While Albee is set to start in Spring 2010, he has already expressed an interest in continuing on for at least two years.
Having Albee as a part of its faculty will give the School of Theatre and Dance its third Tony Award winner.
‘We have two Tony Award-winning professors, and he would be the third, but to have someone who’s a three-time Pulitzer winner is fairly unusual nowadays,’ Wallace said. ‘It just doesn’t happen anymore.’ In terms of national recognition, it’s a major thing.’
Students will have a chance to study with a famous playwright who brings a distinctive sense of style.
‘(Albee) is a unique writer in the way that he writes,’ Wallace said. ‘He writes almost formulated plays by the time he actually puts them on paper. He does all his rewriting and editing in his head.’
Through Albee, students can learn the about how plays were written in the 20th century and how they continue to be written today.

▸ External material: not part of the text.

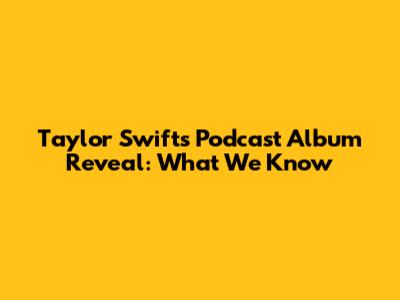 Taylor Swift's Podcast Album Reveal: What We Know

‘ ‘He is, in a way, the old style writer,’ Wallace said. ‘He comes from the Tennessee Williams and Arthur Miller era, so he brings with him the history of writing. Particularly, in the 20th century, we (had many) prolific American playwrights, and he is one of the major ones that are still left. That’s what he brings to our students, the ability to have that conversation and to realize that this is how plays were written and are still written.’
Albee wants to help build a stronger foundation for the School of Theatre and Dance and has agreed to help raise money to establish a playwriting chair at the school.
Albee’s presence in the School of Theatre and Dance marks the continuing desire for UH to achieve flagship status.
‘He could write anywhere, but he chooses to come here,’ Wallace said.’
‘It’s part of (flagship status). That’s what we’re striving towards. That’s the level I want our theater program to be at, to be able to invite national figures, and that they would come. To see them say they’re going to come for an entire spring semester, for two years in a row, that’s a major commitment by somebody like that.’
The School of Theatre and Dance hopes to make its mark on the theater world.
‘All across campus, you’re starting to see people stepping up, and this is our stepping up,’ Wallace said.’
‘To the nation, we’re saying ‘Come work with us,’ because when Edward Albee goes somewhere, the rest of the theater world pays a lot of attention.’